On n’en fi­ni­rait pas de dres­ser la liste des do­ciles des­cen­dantes de la suave An­gé­lique, en­chaî­née par Ingres à son ro­cher et qu’un che­va­lier tarde dé­ci­dé­ment à dé­li­vrer. Tou­te­fois, les pho­to­gra­phies que Hans Bell­mer réa­li­sa en 1958 avec sa com­pagne Uni­ca Zürn, elle-même ar­tiste et écri­vain, té­moignent d’une re­cherche en­core plus pous­sée de la conjonc­tion entre le corps réel et le corps fan­tas­mé. Le corps d’Uni­ca est à ce point re­mo­de­lé par une fi­celle ser­rée, qu’il fi­nit par ne plus même res­sem­bler à un corps. En fait, les seins ren­flés comme des coings, les cuisses et le ventre comme dé­cou­pés en tranches ar­ti­cu­lées font pen­ser à des des­sins de l’ar­tiste an­té­rieurs d’une di­zaine d’an­nées et même à ses fa­meuses pou­pées réa­li­sées, elles, dans les an­nées 30. En quelque sorte, Bell­mer ren­con­tra le corps réel du mo­dèle bien long­temps après en avoir pro­duit l’image! Bien sûr, la fas­ci­na­tion qu’exercent les images pho­to­gra­phiques, ou son en­vers le re­jet, tient au fait que nous, spec­ta­teurs, nous nous te­nons exac­te­ment sur la fron­tière entre le réel et l’ima­gi­naire et que nous la res­sen­tons comme po­reuse. Il suf­fit d’un rien pour bas­cu­ler de l’état de spec­ta­teur à ce­lui de voyeur. De quoi notre re­gard jouit-il ? De l’art avec le­quel l’ar­tiste a trans­crit son fan­tasme, ou bien de nous pen­ser aux cô­tés de ce­lui-ci lors­qu’il tra­vaillait, au plus près de son mo­dèle ? Ou si nous sommes une femme, de nous pro­je­ter à la place du mo­dèle? Ja­dis, l’âme pou­vait s’éle­ver au-des­sus du corps tor­tu­ré d’un saint, ce qui ex­plique le vi­sage ex­ta­tique de Saint Sé­bas­tien tout au long de la tra­di­tion pic­tu­rale. Au­jourd’hui, nous croyons de moins en moins en la trans­cen­dance de l’âme, nous l’avons rem­pla­cée par la conscience et ses dé­si­rs, par l’in­cons­cient et ses pul­sions. Et nous sa­vons que les uns comme les autres sont pri­son­niers du corps et qu’ils n’ont de cesse de vou­loir le for­cer et de le re­mo­de­ler à leur image.

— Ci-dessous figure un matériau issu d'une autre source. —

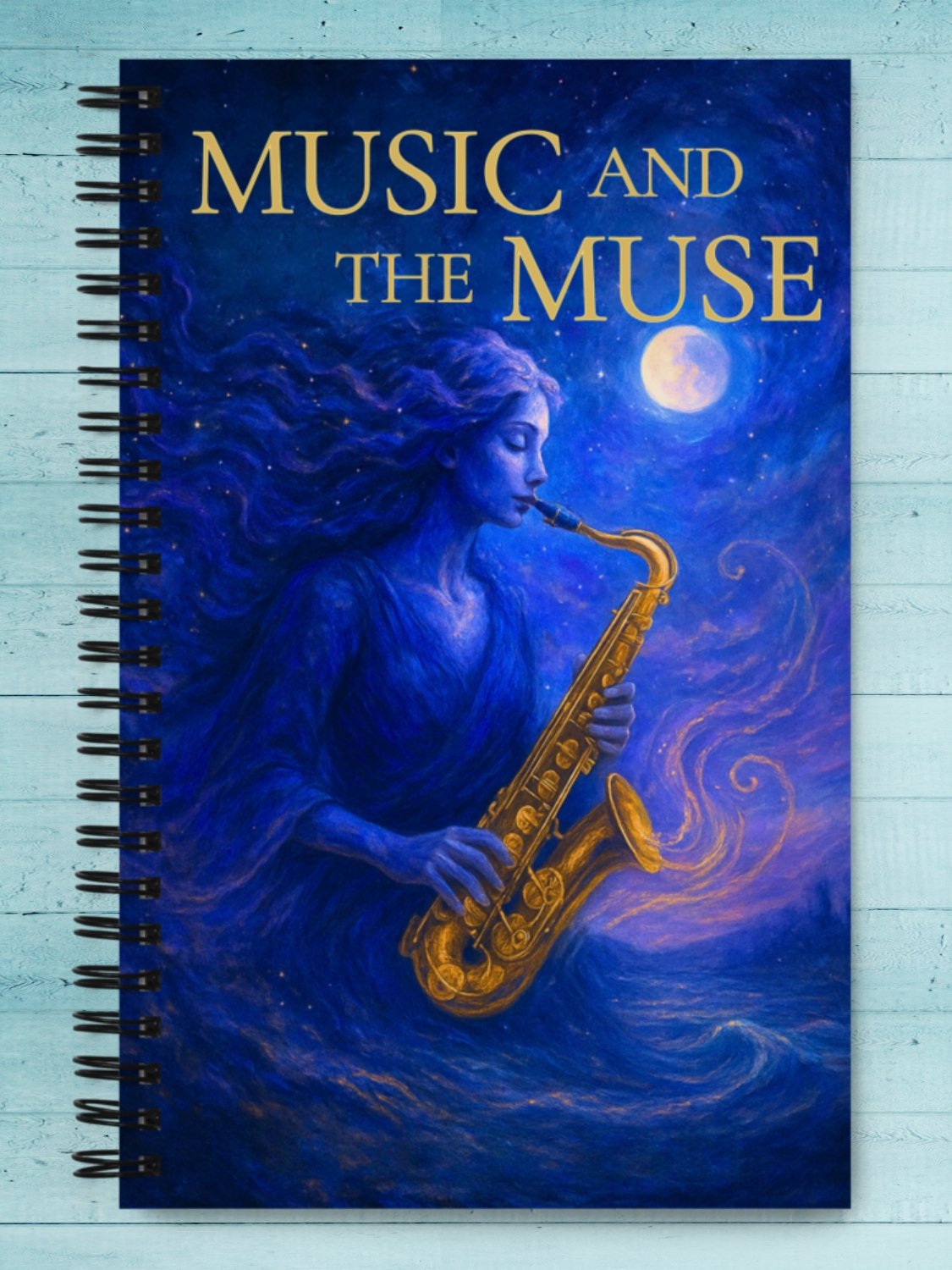 Starlight Sonata - Spiral Journal Notebook product image (1)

la dou­lou­reuse ques­tion «Se pose alors des fron­tières de ce corps et celle de son iden­ti­té. L’amour peut-il nous faire sor­tir de notre en­ve­loppe pour re­joindre l’autre ?»

Ex­po­si­tion «Egon Schiele», Fon­da­tion Louis Vuit­ton, Pa­ris, jus­qu’au 14 jan­vier.